Not all petting parties were intentional affairs; some broke out spontaneously in dance halls, cars or secluded places. And to some, the very thought of a party devoted to sex—even a relatively chaste version—was cause for outrage.
“The boys of today must be protected from the young girl vamp,” complained a New York mother to the New York Times in 1922. Five years later, a group of women and vice officers campaigned to end petting parties in the theater balconies of Kansas City. “We are working as much to improve the behavior of young boys and girls attending the picture shows as for the character of the shows themselves,” a reformer told Variety. And Topeka, Kansas, police told the Times in 1923 that they intended to break up petting parties to “clean up” college campuses.
Much of the hand-wringing about petting parties focused on the supposed immorality of the young woman who attended them. Critics grumbled about flappers’ refusal to engage in traditional courtship and their flippant attitudes toward long-held social conventions.
Traditional girls cared about getting married and raising kids; flappers wanted to party instead of settling down. Petting parties only added to this reputation. When The Washington Post published a glossary of the flapper’s philosophy in 1922, it defined life as “One long petting party accompanied by jazz. Future: Heaven only knows what.”
Alarmingly for many, petting was popular among both wild flappers and average young women during the 1920s. One study found that by 1924, 92 percent of college women had tried petting. Another found that 62 percent of women surveyed thought the practice was essential in order to be popular.
But the reality wasn’t as simple—or as scandalous—as it seemed. Flappers’ reputations were made worse by petting, but the practice also reflected traditional values by avoiding premarital sex. In a day when a woman’s reputation could still be irreparably damaged by divorce or an illegitimate child, petting let flappers thumb their nose at the convention while still protecting themselves against the repercussions of sex.
Eventually, the practice faded.

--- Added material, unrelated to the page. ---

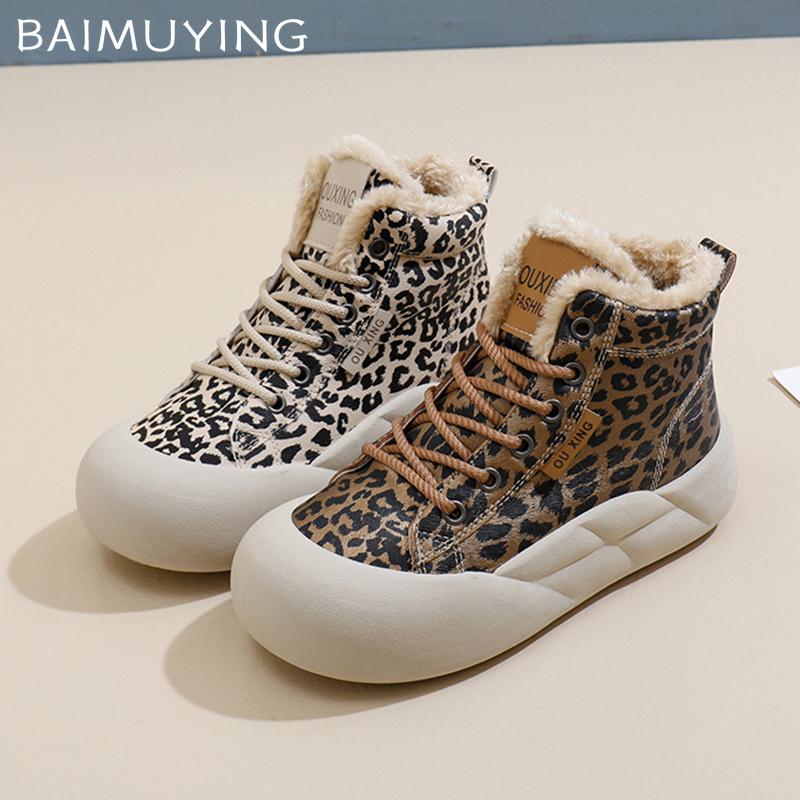 Женские зимние ботинки на платформе с леопардовым принтом и шнуровкой, дизайнерские туфли на плоской подошве из хлопка, модные короткие теплые зимние ботинки 2025 года из плюша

Their declining popularity can probably be explained by the maturation of flappers and their petting partners—who needs a petting party when you’re already married? (Eve Blue eventually gave up on petting parties after she was nearly raped.) But they also came to an end because the flappers who dared to pet in public helped make open sexual expression more commonplace.
If petting parties are rare today, it’s not because they’re not fun—but because we no longer need them.